DARPA’s Operational Fires (OpFires) program, which is developing a ground-launched intermediate-range hypersonic weapons system in partnership with Lockheed Martin Missiles and Fire Control, is advancing to a new phase.
Phase 3b will involve full-scale missile fabrication, assembly, and flight testing from a launch vehicle, Lockheed Martin Missiles and Fire Control was awarded this new contract modification after leading a successful Phase 3a integrated system preliminary design review that resulted in a comprehensive design and test plan.
OpFires aims to demonstrate a novel system enabling hypersonic boost glide weapons to rapidly and precisely engage critical, time-sensitive targets while penetrating modern enemy air defences.
Lieutenant Colonel Joshua Stults, DARPA program manager for OpFires in DARPA’s Tactical Technology Office, said, “The objectives of DARPA’s OpFires program remain unchanged. The system design that Lockheed is developing continues to achieve the desired tactical mobility and system performance in line with the Department of Defense’s push to deliver an intermediate-range surface-to-surface missile.”
The program is developing an advanced booster capable of delivering a variety of payloads at multiple ranges and compatible mobile ground launch platforms that can be rapidly deployed.
In early 2020, Lockheed Martin began work on OpFires weapon system integration under a DARPA contract.
OpFires is an innovative ground-launched system that enables a hypersonic boost-glide missile system to penetrate modern enemy air defenses and rapidly engage time-sensitive targets.
Hypersonic missiles typically go one speed: as fast as they can. OpFires features a unique throttleable booster rocket motor that can vary its thrust to deliver payloads across the medium-range spectrum without energy bleed maneuvers. Less time in the air enhances survivability and mission success.

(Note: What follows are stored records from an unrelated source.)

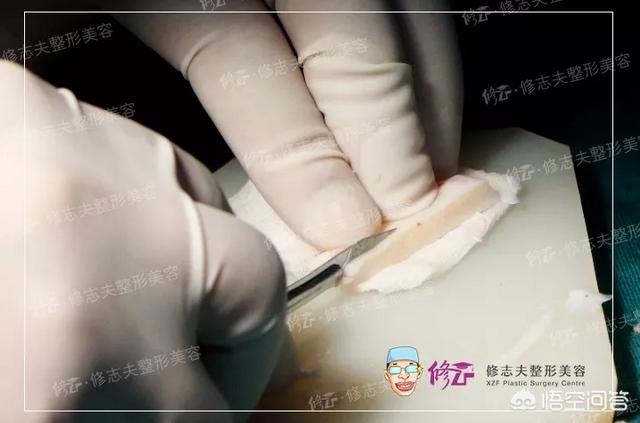 鼻综合手术拆线多少钱:鼻综合诊所拆线大概多少钱 鼻部整形中隆鼻和鼻综合整形具体有什么区别？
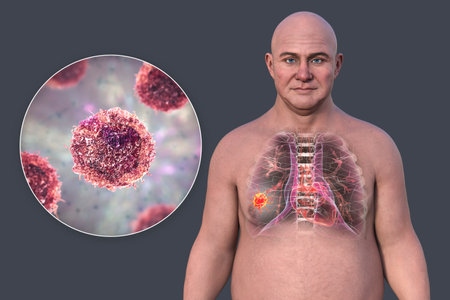 Lung cancer in a middle-aged Caucasian man, 3D illustration showing location and gross anatomy of the tumor and morphology of lung cancer cells.の写真素材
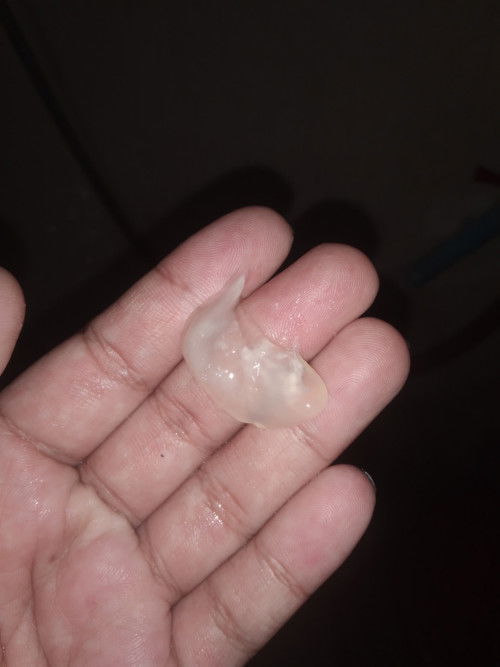 39+1 กำหนดคลอด30ธันวา
แบบนี้คืออ่ะไรคะ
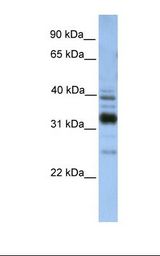 TMX4 Antibody - Fetal liver lysate. Antibody concentration: 1.0 ug/ml. Gel concentration: 12%.  This image was taken for the unconjugated form of this product. Other forms have not been tested.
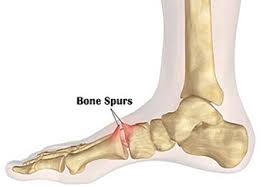 When most people hear the word spur, it's hard to imagine anything other than a dusty john wayne sauntering into town, white hat on. Home Remedies For Bone Spur Natural Treatment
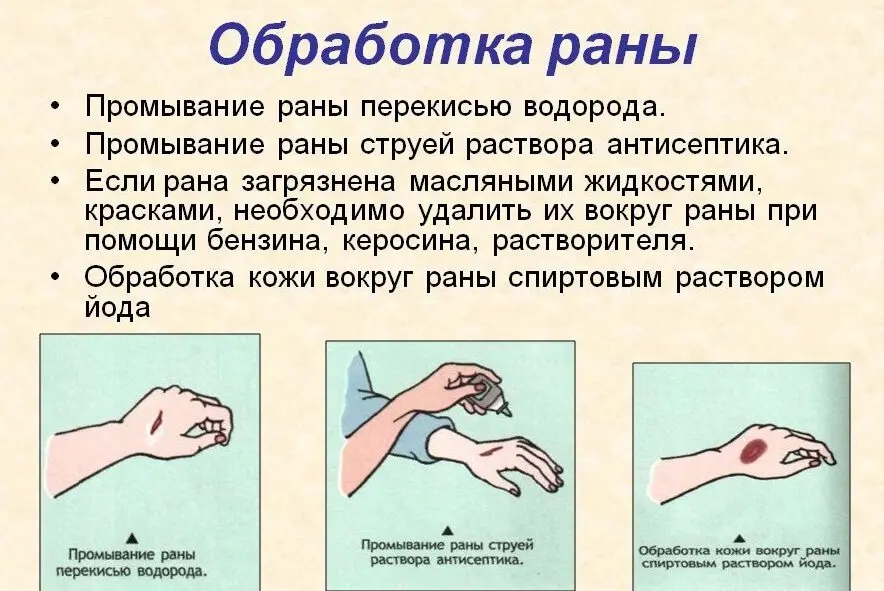 Stages of treatment of open wounds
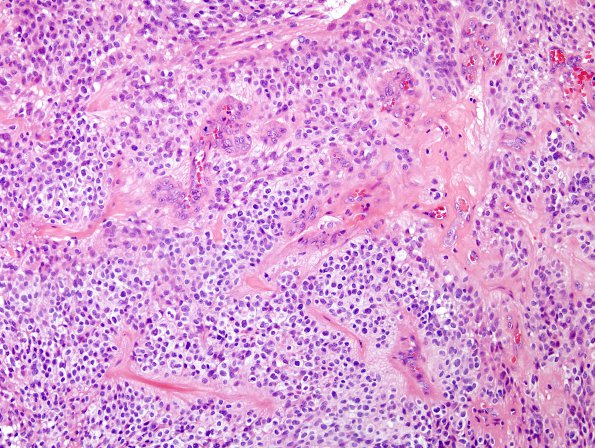 9A2 Ependymoma, anaplastic (Case 9)  H&E 4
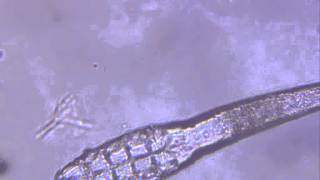 Demodex canis [upl. by Sitruc]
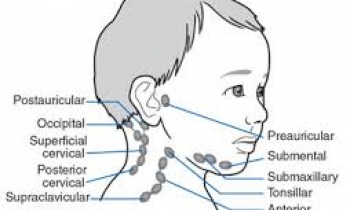 گره لنفاوی گردن_lymphnode _neck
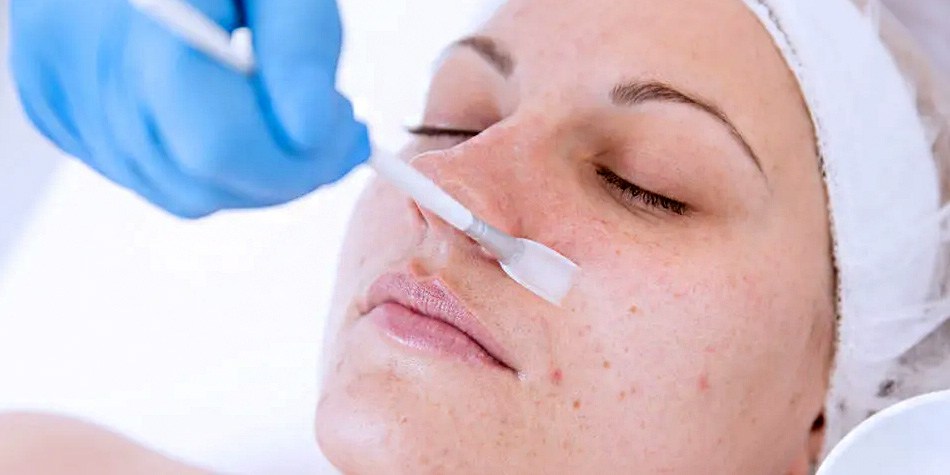 Chemical Peels  
  Gently exfoliate dull or damaged skin to reveal a smoother, brighter, and even-toned complexion with our medically supervised chemical peel treatments.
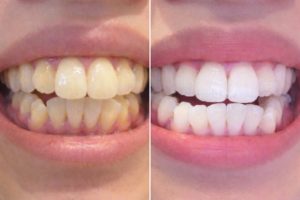 ディノベート　ホワイトニング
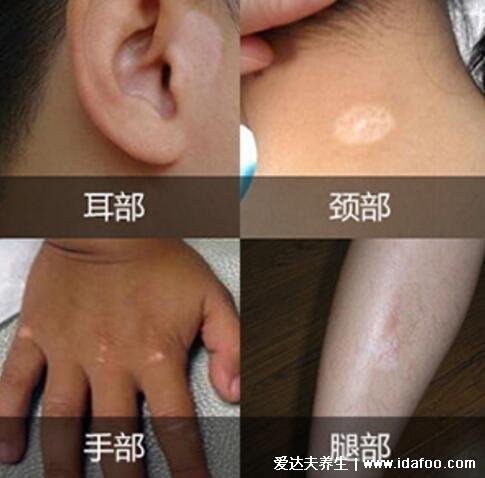 皮肤色素减退形成的白斑图片，白癜风/白化病/汗斑/白色糠疹
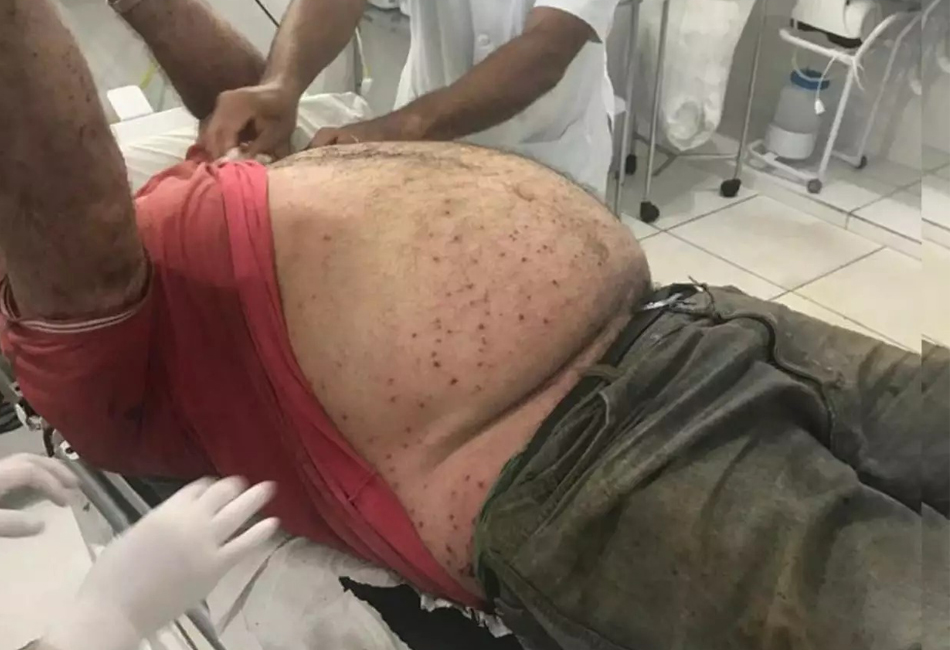 Um idoso, de 67 anos, identificado como Expedito, foi atacado por um enxame de abelhas em uma chácara da zona rural de Inhumas. (Foto: Divulgação/PM)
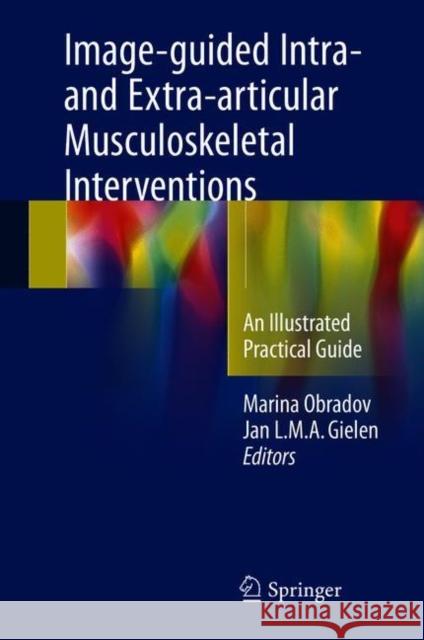 Image-Guided Intra- And Extra-Articular Musculoskeletal Interventions: An Illustrated Practical Guide Obradov, Marina 9783319698939 Springer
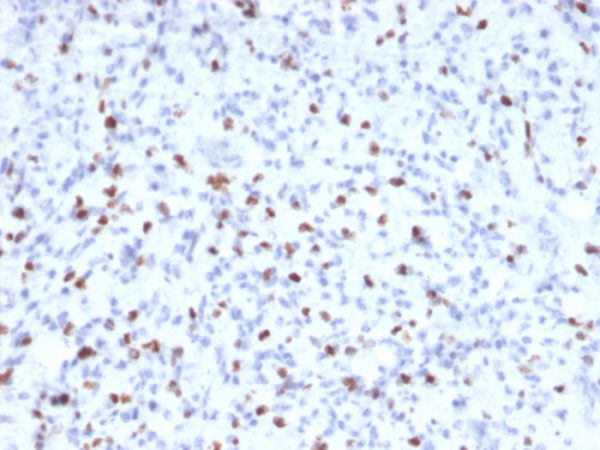 Formalin-fixed, paraffin-embedded human Rhabdomyosarcoma stained with Myogenin Mouse Monoclonal Antibody (MYOG/2660)
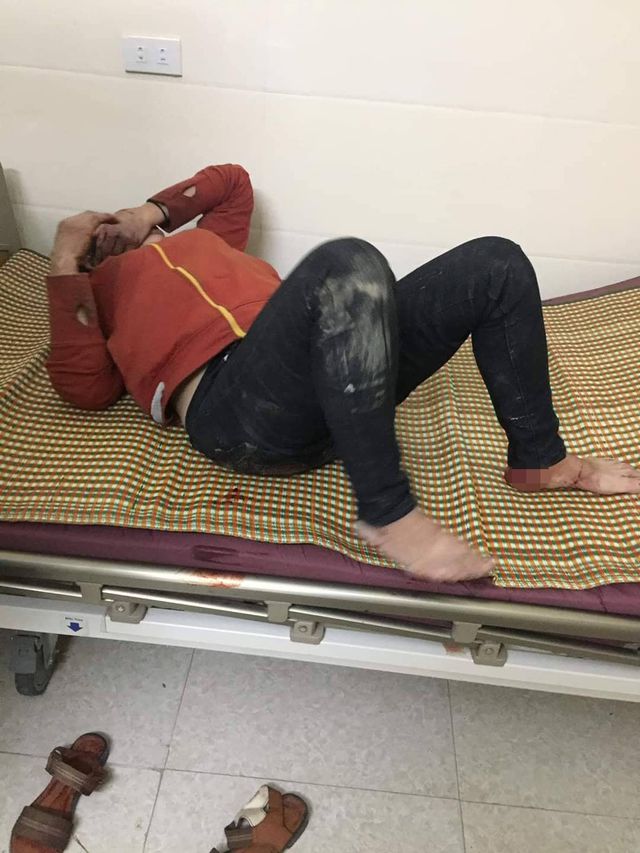 An ninh - Hình sự - Bắt “phi công trẻ” dùng thanh sắt đâm vào vùng kín của người tình lớn tuổi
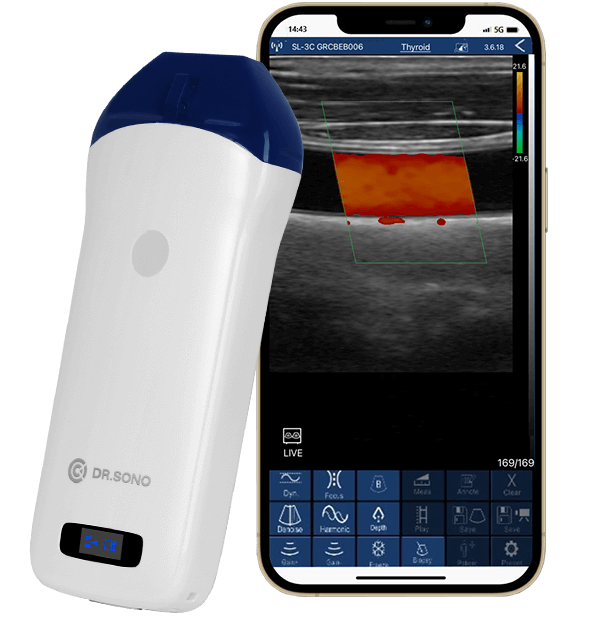 DRSONO Portable Linear probe ultrasound scanner banner image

OpFires is designed with the soldier in mind, for the user, it operates off-road, supports rapid loading and reloading and can shoot and scoot within minutes, and it travels light.
OpFires engineers are designing OpFires with affordability in mind by reusing proven precision fires subsystems. For example, they are adapting proven High Mobility Artillery Rocket System electronics and precision fires subsystems for interoperability with US Army Advanced Field Artillery Tactical Data System infrastructure.